2 minutes
What is Perplexity?
TLDR: NLP metric ranging from 1 to infinity. Lower is better.
In natural language processing, perplexity is the most common metric used to measure the performance of a language model. To calculate perplexity, we use the following formula:
$ perplexity = e^z $
where
$ z = -{1 \over N} \sum_{i=0}^N ln(P_{n}) $
Typically we use base e
when calculating perplexity, but this is not required. Any base will do, so sometimes the formula will use base 2 or base 10, along with logarithms to the corresponding base.
Example
Imagine that we have a language model which generates the following sequence of tokens:
<start>
jack
and
jill
went
up
the
hill
And suppose that the conditional probabilities for each of the tokens are as follows:
token | probability |
---|---|
<start> |
15% |
jack |
5% |
and |
12% |
jill |
18% |
went |
25% |
up |
40% |
the |
33% |
hill |
50% |
For the purposes of calculating perplexity it doesn’t matter how the sequence was generated. It may be using an n-gram model or an LSTM or a transformer.
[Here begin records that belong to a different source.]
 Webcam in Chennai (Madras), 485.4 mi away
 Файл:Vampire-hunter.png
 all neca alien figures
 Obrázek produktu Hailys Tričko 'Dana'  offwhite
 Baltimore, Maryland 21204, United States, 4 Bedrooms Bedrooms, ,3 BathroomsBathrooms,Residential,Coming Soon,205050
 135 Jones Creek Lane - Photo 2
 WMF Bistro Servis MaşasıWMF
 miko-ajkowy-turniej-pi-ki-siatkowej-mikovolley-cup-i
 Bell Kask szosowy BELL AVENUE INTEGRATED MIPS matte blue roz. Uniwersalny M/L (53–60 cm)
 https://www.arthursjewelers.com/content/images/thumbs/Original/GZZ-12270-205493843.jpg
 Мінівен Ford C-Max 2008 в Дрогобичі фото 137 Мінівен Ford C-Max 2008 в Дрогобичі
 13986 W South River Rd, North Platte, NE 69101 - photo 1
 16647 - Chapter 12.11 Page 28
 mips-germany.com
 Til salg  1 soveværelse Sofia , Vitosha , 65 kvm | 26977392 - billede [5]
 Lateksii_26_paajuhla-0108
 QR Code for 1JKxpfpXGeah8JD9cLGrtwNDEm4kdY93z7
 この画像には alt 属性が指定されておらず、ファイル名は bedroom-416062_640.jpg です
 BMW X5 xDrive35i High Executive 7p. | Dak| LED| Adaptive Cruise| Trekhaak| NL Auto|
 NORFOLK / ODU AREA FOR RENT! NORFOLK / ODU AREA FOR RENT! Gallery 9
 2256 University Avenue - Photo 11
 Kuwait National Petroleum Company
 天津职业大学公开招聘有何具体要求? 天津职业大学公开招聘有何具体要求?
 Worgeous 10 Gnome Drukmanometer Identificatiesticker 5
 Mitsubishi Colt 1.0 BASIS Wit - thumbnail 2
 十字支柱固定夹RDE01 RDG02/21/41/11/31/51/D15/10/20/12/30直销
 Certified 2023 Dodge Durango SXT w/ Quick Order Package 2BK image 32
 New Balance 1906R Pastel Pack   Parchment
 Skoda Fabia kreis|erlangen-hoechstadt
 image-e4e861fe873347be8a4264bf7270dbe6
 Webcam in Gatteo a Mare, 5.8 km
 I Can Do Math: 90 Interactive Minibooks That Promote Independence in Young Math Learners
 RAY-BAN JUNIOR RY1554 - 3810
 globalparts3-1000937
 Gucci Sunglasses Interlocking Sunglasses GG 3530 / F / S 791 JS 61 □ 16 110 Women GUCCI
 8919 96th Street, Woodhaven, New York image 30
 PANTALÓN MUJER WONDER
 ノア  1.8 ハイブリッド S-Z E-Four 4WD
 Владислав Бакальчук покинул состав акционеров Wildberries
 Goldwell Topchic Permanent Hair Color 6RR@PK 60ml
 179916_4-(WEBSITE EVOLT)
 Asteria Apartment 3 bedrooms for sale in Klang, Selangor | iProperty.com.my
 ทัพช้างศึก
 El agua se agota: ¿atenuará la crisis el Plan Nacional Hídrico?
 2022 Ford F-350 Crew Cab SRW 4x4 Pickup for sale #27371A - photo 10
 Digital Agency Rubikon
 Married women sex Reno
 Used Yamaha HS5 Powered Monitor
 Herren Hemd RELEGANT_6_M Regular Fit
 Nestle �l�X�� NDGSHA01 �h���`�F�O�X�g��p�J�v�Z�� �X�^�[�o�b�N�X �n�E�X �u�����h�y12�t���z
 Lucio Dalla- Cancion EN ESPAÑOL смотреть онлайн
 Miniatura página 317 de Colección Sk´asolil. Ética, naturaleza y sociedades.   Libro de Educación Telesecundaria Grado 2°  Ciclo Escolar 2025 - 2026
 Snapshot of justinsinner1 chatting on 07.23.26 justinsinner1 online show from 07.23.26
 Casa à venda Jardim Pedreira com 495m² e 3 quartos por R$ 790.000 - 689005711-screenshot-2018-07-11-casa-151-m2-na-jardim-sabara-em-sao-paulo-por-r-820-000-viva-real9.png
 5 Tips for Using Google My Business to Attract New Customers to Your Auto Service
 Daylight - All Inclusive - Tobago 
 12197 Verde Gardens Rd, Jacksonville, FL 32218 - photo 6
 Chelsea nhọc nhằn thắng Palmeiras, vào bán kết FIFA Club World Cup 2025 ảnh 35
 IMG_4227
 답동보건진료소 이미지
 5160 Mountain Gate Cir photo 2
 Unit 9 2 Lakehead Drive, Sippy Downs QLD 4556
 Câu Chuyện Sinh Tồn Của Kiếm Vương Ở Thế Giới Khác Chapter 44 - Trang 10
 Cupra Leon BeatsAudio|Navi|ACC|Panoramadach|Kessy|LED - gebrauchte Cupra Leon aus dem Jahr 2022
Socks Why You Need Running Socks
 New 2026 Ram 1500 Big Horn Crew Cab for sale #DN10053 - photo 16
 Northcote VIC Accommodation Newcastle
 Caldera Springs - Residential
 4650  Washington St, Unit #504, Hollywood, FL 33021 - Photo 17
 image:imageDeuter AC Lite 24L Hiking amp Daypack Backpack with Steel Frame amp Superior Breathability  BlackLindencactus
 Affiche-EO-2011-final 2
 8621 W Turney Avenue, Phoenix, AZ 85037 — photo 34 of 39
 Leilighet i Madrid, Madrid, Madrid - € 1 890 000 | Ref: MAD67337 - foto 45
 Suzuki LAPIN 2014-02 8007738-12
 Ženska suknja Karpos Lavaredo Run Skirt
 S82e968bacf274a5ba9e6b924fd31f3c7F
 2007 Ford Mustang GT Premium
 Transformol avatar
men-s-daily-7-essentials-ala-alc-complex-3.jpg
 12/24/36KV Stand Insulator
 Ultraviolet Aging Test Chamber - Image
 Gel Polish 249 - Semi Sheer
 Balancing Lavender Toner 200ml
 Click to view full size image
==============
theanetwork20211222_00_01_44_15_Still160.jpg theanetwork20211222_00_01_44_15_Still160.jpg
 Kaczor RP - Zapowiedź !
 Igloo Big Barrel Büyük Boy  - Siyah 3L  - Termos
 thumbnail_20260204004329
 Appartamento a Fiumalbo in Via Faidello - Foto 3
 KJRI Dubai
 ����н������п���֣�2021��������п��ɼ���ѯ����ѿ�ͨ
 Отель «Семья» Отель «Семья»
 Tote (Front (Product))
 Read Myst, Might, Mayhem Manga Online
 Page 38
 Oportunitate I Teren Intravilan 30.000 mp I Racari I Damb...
All that matters is the probabilities the model assigns to each of the tokens. To calculate perplexity, we calculate the logarithm of each of the values above:
token | P | ln(P) |
---|---|---|
<start> |
15% | -1.897 |
jack |
5% | -2.996 |
and |
12% | -2.120 |
jill |
18% | -1.715 |
went |
25% | -1.386 |
up |
40% | -0.916 |
the |
33% | -1.109 |
hill |
50% | -0.693 |
Summing the logs, we get -12.832. Since there are 8 tokens, we divide -12.832 by 8 to get -1.604. Negating that allows us to calculate the final perplexity:
$ perplexity = e^{1.604} = 4.973 $
Therefore the perplexity of this sequence is about 4.973.